Yettaw is also standing trial, along with two female aides who live with Aung San Suu Kyi.
The opposition leader said she first knew of the visit by Yettaw when her assistant woke her up around dawn to tell her that a man had arrived at the house.
Yettaw said he swam across a lake to the house to warn her of a vision he had that she would be assassinated.
Obama said it was "time for the Burmese government to drop all charges against Aung San Suu Kyi and unconditionally release her and her fellow political prisoners".
The case has drawn widespread international condemnation of Myanmar's military government.
Opposition supporters and Western governments critical of Myanmar have condemned the trial, labelling it a pretext for the ruling generals to keep Aung San Suu Kyi in detention beyond national elections it has scheduled for next year.

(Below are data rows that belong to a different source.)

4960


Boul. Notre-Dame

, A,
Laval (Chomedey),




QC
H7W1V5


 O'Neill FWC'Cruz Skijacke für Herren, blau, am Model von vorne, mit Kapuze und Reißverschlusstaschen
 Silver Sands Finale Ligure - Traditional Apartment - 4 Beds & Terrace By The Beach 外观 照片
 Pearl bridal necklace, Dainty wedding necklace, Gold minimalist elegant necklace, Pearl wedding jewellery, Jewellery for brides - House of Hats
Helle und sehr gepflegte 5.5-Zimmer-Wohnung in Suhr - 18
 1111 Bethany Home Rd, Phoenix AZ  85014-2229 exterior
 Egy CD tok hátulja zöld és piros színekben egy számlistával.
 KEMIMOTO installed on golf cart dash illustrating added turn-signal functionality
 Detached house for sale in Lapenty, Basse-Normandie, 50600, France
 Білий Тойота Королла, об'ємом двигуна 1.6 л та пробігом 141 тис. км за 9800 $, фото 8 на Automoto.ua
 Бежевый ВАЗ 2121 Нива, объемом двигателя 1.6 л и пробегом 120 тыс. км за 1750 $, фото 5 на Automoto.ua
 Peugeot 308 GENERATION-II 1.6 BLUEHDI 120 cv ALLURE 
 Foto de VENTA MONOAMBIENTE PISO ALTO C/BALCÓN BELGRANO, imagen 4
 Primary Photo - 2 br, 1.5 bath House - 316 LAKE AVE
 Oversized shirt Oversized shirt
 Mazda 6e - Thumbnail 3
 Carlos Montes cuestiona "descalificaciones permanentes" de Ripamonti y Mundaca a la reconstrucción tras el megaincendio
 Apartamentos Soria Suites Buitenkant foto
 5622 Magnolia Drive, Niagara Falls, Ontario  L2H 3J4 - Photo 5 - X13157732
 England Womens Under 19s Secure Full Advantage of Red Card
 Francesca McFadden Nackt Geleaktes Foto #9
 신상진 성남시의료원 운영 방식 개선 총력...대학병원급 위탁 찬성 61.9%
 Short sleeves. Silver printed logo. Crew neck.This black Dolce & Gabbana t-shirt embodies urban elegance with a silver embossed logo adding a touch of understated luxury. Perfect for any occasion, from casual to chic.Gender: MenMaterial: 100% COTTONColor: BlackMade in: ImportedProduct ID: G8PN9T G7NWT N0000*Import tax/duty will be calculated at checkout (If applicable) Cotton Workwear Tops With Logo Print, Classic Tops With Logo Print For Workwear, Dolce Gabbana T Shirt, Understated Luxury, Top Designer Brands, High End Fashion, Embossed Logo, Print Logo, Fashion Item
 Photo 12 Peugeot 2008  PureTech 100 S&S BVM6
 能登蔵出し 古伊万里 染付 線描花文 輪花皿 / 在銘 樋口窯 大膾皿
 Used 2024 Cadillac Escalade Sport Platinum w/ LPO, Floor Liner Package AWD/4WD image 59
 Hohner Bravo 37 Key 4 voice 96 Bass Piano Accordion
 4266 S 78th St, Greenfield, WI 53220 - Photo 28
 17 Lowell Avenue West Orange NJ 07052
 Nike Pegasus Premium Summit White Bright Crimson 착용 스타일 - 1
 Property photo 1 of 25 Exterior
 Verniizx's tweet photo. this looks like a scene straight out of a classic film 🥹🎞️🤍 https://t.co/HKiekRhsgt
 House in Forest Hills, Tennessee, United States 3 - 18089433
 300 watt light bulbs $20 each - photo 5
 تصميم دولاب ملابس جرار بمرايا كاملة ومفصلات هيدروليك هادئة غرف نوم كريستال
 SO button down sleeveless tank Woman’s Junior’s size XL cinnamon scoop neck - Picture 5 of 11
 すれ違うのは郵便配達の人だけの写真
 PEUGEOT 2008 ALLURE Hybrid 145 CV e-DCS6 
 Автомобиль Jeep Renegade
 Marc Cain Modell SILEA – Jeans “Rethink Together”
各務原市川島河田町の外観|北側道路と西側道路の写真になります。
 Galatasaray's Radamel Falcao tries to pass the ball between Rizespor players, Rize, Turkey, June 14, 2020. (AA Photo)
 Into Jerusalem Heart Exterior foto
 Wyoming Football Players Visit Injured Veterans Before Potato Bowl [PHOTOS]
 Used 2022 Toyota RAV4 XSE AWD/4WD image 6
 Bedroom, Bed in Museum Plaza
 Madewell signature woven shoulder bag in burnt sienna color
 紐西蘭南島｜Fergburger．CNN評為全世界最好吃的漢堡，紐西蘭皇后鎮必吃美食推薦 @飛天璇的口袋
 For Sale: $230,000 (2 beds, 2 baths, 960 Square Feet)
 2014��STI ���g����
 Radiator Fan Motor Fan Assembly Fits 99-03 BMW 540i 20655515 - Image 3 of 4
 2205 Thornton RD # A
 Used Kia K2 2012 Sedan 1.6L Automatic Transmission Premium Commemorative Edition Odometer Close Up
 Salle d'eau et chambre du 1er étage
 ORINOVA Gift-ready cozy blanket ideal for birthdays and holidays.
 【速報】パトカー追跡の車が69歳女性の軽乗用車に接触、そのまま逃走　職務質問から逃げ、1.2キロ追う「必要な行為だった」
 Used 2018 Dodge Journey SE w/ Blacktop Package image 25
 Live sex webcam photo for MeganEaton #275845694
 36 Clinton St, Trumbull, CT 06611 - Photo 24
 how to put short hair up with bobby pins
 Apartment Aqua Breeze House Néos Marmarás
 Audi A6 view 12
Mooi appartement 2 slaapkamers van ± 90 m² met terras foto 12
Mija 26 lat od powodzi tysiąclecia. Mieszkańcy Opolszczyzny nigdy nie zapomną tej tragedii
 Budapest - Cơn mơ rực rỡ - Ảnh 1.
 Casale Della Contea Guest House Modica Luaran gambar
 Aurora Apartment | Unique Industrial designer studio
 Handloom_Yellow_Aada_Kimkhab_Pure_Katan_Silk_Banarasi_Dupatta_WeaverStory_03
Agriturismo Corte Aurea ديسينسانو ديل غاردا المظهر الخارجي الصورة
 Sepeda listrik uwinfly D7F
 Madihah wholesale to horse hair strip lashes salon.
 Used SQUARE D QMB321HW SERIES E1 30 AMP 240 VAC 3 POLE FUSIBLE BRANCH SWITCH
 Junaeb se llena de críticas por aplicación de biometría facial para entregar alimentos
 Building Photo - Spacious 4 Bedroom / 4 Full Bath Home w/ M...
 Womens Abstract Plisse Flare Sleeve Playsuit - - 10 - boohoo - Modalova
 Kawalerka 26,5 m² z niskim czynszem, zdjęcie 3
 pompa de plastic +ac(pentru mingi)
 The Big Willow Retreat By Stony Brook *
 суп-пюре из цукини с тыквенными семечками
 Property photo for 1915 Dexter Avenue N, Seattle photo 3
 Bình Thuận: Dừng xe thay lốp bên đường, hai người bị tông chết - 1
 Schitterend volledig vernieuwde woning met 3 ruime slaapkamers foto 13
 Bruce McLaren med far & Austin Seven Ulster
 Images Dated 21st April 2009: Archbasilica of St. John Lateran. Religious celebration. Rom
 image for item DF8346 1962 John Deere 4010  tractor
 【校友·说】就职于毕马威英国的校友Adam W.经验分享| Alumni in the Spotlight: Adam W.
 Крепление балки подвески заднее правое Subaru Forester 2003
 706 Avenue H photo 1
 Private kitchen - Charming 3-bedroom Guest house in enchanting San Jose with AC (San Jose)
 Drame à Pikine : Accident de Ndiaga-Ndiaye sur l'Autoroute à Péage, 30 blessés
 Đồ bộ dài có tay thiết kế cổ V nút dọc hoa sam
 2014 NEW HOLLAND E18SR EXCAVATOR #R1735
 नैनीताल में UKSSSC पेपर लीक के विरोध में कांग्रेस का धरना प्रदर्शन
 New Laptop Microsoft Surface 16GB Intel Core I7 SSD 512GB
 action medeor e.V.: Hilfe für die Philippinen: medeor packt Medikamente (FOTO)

The government says the vote will mark the culmination of Myanmar's "road map to democracy," but critics say the regulations surrounding the election mean it will only cement military rule.
Myanmar, formerly known as Burma, has been under military rule since 1962.
It last held an election in 1990, but the government refused to recognise the results after a landslide victory by the opposition National League for Democracy (NLD), led by Aung San Suu Kyi.
In court at the Insein prison in Yangon on Tuesday, Aung San Suu Kyi testified that she had not breached the restriction order keeping her at her crumbling lakeside residence.
House arrest 'over'
The Nobel Peace laureate, who has been under detention for 13 of the last 19 years, faces up to five more years in jail if convicted of the latest charge.
Myanmar authorities informed Aung San Suu Kyi on Tuesday that her six-year period of house arrest was officially over – but she continued to be held at Insein prison, her party said.
"We don't know whether we should be happy or sad, because she is still in detention on these charges," said Nyan Win, one of her lawyers and spokesman for the NLD.
"I cannot guess the verdict but according to the law she should be completely free."